Existem objetos que não nos custaram absolutamente nada, que chegaram até nós através de pessoas que nos presentearam. Aquele objeto passa a ser valioso por representar a pessoa que nos presenteou tornando-se, em função disso, algo muito querido e de valor inestimável. Entretanto existem outras coisas que, ainda que nos tenham custado muito caro, perdem rapidamente o nosso interesse por elas, tornando-se obsoletas e incômodas. Além de passarem a ocupar inutilmente um espaço útil em nosso cotidiano terminando, desta forma, por se transformar em material inútil e descartável.

RECICLANDO AS EMOÇÕES E SENTIMENTOS

Os relacionamentos interpessoais podem, de certa forma, ser comparados com a relação que temos com nossos objetos pessoais. Desejamos que os objetos que compramos nos prestem um serviço de qualidade e por tempo prolongado, caso contrário, serão considerados inúteis e sujeitos a descarte. Da mesma forma precisamos ser assistidos em nossos sentimentos com atitudes de singeleza e espontaneidade por parte daqueles que se relacionam conosco, caso contrário, serão descartados por serem também considerados inúteis. Pessoas que fazem parte do nosso cotidiano têm que demonstrar a sua utilidade na relação que têm conosco por meio de atitudes que nos sejam aprazíveis. Pequenas atitudes e gestos de aceitação, por mais singelas que sejam, serão consideradas como pequenas e raras joias de ouro incrustadas de brilhantes que além de nos fazerem muito bem, manterão acesa a nossa atenção em relação a elas, caso contrário, o nosso interesse se perde e a relação torna-se comum e trivial, logo, sujeita a descarte.

Assim como temos obrigação de manifestar o nosso interesse por essas pessoas através de atos que as prenda a nós, cabe também a elas fazer alguma coisa no sentido de nos manter conquistados de igual forma. Esse não é um dever somente de uma parte, a outra parte também tem deveres que devem ser observados. O nome disso é reciprocidade. Não se trata de cumprir regras no sentido de atender satisfatoriamente a esses deveres, mas de se entregar à relação sem reservas.
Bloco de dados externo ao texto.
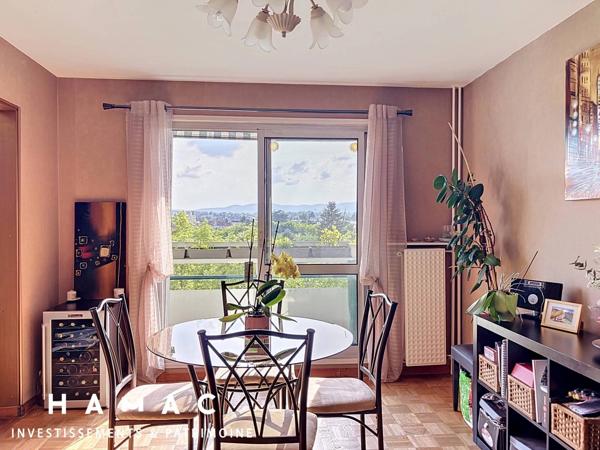Appartement T4 séjour double - 95 m²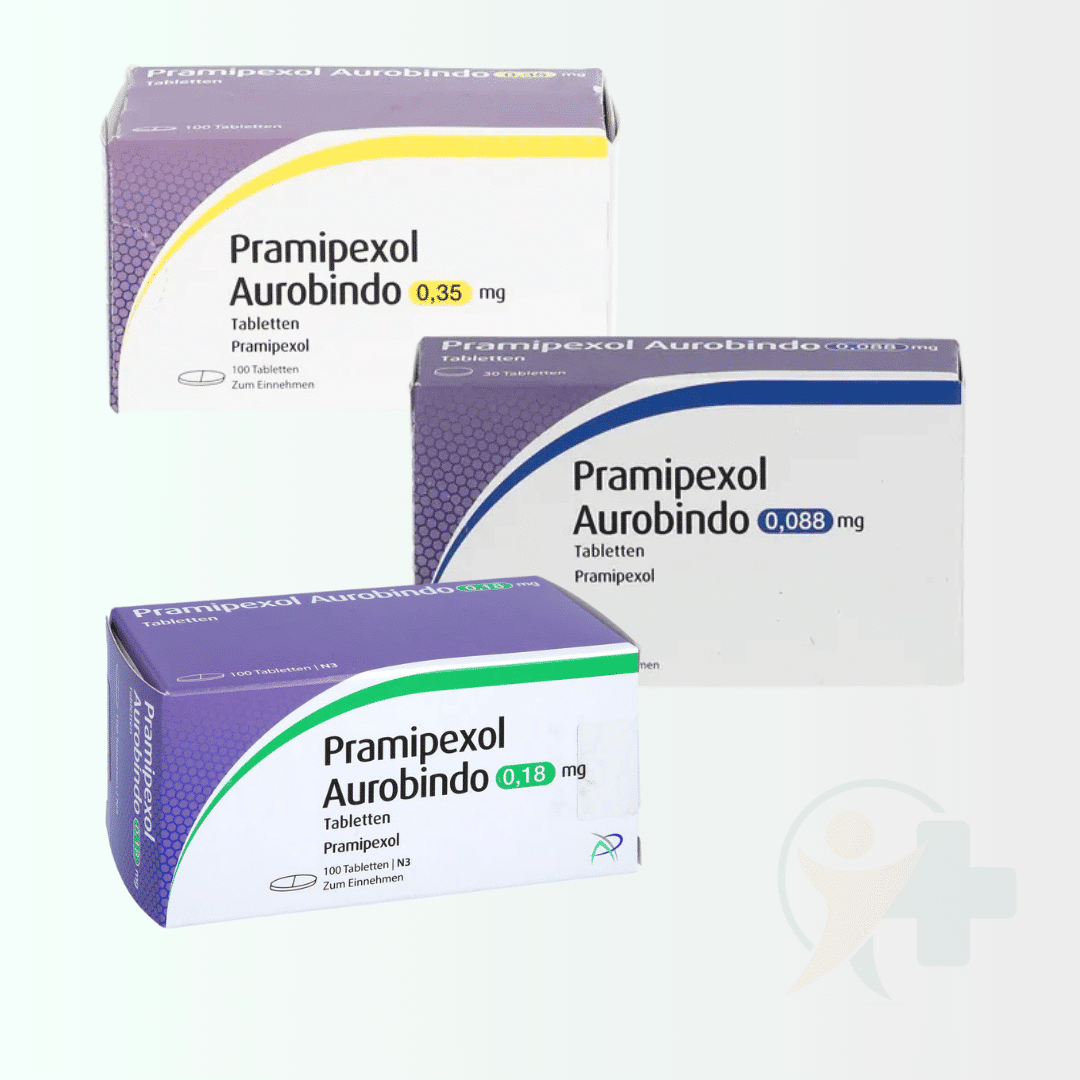 Pramipexol - Transtoyou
Se matarmos os sentimentos de uma pessoa em relação a nós com atitudes impróprias da nossa parte, seremos vítimas de nossas próprias atitudes. Por outro lado, nossos sentimentos também podem ser atingidos e mortos por posturas agressivas e despropositadas por parte daqueles que deveriam nos amar e respeitar.

Você já ouviu aquela expressão “mala sem alça”? É assim que o parceiro é visto depois que é transmutado em material descartável. Quando duas pessoas inteligentes descobrem-se nessa condição é porque está na hora de fazer alguma coisa. De mexer-se.